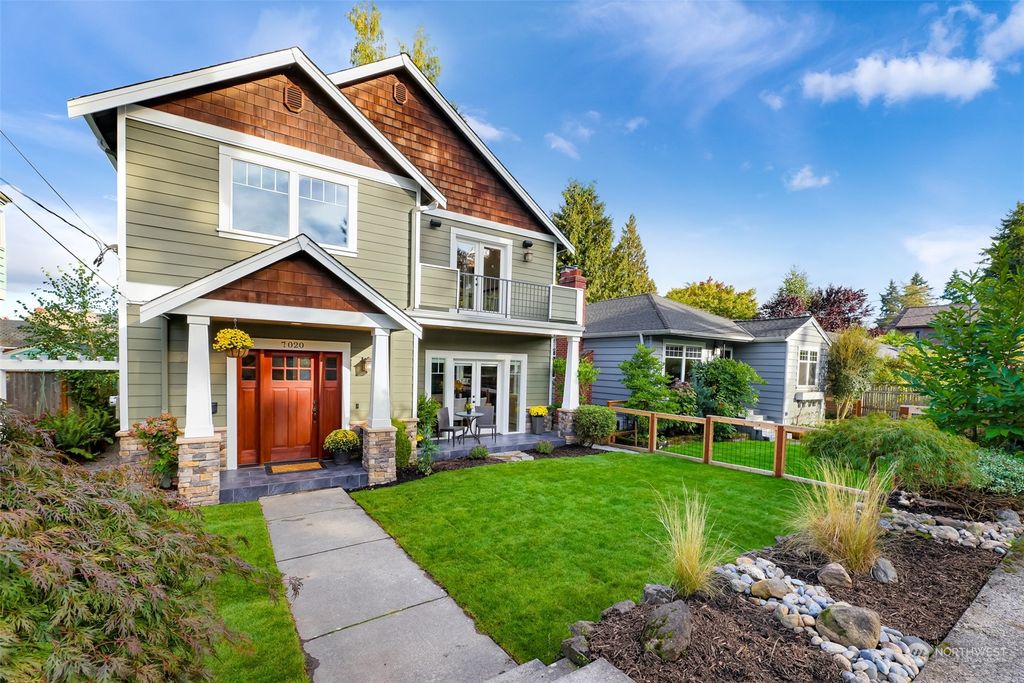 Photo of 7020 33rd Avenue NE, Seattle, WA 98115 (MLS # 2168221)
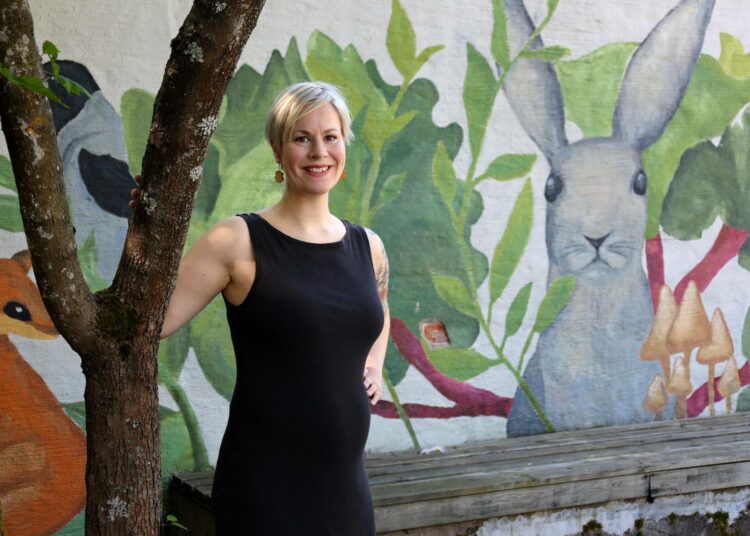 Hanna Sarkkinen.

---

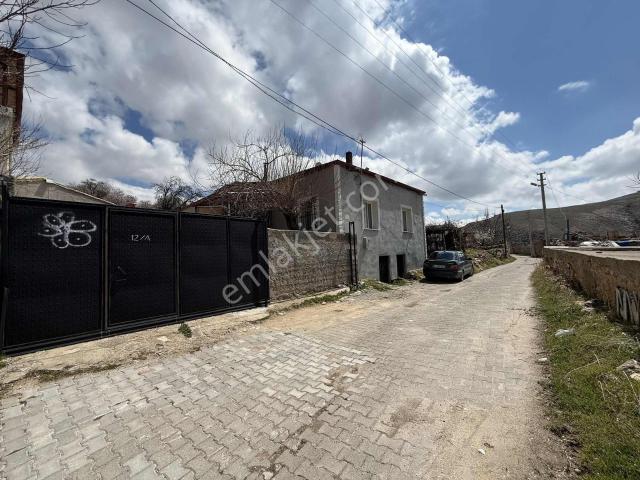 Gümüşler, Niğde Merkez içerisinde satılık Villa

==

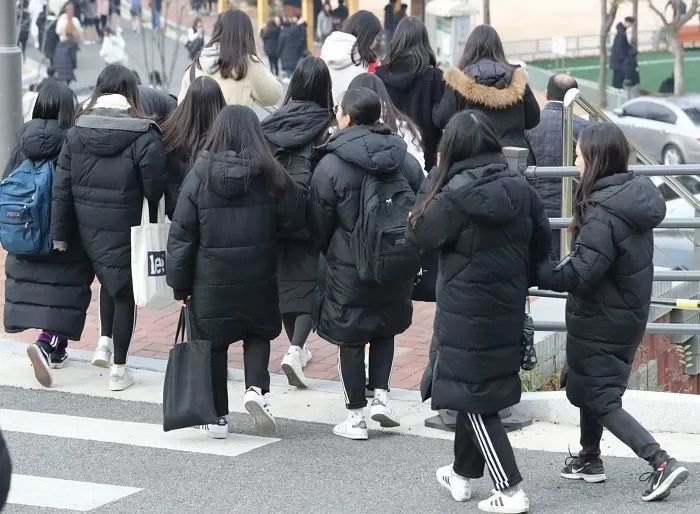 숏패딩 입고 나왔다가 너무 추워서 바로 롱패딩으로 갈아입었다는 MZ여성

* What you are asked to do *
Please copy out from the data above, without any picture, exactly the lines running from the one that holds "Photo of 7020" through the one that holds "Hanna Sarkkinen.", and nothing beyond them.

* Response to the exercise *
 Photo of 7020 33rd Avenue NE, Seattle, WA 98115 (MLS # 2168221)
 Hanna Sarkkinen.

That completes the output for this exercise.